#### ACTION ITEM
Looking at the records below, say how many lines contain "Wedding". Nothing else belongs in the answer.

#### TASK INPUTS
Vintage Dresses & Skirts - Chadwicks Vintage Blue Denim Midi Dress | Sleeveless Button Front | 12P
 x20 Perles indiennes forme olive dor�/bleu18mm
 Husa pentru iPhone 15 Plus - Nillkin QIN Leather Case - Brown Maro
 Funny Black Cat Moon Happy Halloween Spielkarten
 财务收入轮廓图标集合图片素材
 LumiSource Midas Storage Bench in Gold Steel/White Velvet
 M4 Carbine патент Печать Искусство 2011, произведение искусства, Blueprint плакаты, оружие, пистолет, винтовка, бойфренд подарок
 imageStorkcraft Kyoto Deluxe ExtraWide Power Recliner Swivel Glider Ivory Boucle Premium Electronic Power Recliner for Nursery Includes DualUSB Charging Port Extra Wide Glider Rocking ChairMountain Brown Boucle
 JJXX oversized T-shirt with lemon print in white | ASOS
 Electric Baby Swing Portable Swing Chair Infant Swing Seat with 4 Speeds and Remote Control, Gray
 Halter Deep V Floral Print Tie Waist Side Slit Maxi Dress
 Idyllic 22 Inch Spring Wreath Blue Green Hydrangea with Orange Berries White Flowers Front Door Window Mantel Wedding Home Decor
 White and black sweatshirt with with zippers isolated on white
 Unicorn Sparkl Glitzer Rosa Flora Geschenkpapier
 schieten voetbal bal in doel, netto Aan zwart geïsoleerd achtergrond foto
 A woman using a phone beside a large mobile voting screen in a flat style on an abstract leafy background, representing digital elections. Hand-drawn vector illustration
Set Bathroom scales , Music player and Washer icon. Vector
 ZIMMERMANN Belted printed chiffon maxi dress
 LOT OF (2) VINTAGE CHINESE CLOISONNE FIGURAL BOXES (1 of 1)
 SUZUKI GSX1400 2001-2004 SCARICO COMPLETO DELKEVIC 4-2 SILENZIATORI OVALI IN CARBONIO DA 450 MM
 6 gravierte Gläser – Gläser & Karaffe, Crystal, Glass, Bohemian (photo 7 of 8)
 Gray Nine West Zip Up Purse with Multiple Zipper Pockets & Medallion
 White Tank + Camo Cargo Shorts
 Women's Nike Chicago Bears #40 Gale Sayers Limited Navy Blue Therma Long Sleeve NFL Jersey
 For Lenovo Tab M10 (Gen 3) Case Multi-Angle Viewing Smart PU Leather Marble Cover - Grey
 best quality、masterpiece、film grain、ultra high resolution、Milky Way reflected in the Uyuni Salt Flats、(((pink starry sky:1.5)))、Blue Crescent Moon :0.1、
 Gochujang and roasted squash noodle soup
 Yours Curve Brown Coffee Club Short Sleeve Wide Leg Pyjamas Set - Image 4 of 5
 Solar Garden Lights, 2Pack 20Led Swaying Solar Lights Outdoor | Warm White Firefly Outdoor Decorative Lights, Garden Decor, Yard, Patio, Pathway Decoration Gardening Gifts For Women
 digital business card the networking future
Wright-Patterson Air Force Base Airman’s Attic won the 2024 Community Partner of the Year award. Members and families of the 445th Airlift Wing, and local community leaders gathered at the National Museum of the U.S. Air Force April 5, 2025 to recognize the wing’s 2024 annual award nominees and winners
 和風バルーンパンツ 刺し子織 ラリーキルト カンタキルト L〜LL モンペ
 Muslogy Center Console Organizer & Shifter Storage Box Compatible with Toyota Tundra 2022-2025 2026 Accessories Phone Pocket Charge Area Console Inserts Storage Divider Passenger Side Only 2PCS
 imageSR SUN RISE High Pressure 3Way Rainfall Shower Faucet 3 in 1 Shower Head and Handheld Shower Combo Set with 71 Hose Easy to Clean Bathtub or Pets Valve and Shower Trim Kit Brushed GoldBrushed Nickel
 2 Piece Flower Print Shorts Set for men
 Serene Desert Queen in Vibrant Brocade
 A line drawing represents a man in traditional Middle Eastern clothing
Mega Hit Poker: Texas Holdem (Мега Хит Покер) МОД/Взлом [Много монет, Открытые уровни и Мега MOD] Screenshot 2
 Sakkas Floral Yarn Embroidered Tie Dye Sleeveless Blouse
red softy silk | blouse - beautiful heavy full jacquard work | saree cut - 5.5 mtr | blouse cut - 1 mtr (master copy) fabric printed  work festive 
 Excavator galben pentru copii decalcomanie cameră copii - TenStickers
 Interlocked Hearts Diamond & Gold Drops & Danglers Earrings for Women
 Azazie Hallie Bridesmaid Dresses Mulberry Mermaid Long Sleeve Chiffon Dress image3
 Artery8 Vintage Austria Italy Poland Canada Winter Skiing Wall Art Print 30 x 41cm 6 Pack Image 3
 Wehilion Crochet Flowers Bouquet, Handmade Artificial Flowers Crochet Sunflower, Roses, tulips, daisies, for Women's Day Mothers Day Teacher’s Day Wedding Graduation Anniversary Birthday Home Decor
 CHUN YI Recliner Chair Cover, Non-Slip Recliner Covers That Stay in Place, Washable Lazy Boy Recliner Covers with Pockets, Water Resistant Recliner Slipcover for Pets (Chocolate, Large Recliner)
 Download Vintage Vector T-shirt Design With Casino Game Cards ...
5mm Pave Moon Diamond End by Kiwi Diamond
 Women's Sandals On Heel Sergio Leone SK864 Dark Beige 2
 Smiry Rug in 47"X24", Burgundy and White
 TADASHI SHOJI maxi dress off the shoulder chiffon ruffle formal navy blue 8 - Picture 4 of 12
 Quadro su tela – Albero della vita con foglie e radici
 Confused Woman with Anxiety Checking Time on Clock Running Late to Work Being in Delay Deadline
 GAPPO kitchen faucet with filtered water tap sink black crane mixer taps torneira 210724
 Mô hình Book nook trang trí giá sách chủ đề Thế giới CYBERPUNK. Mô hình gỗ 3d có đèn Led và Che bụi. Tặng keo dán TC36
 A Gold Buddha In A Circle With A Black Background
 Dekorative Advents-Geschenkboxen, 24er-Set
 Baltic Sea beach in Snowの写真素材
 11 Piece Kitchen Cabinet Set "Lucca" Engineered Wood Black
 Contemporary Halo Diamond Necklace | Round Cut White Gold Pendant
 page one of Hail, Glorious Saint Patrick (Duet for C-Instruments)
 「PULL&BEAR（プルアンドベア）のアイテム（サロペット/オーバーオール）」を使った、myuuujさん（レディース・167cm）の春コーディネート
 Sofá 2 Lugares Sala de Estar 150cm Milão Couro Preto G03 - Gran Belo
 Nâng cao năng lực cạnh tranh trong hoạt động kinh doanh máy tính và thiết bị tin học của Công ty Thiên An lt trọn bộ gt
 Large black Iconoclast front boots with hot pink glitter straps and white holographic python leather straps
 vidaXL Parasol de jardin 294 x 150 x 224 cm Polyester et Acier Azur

#### ANSWER BELOW
2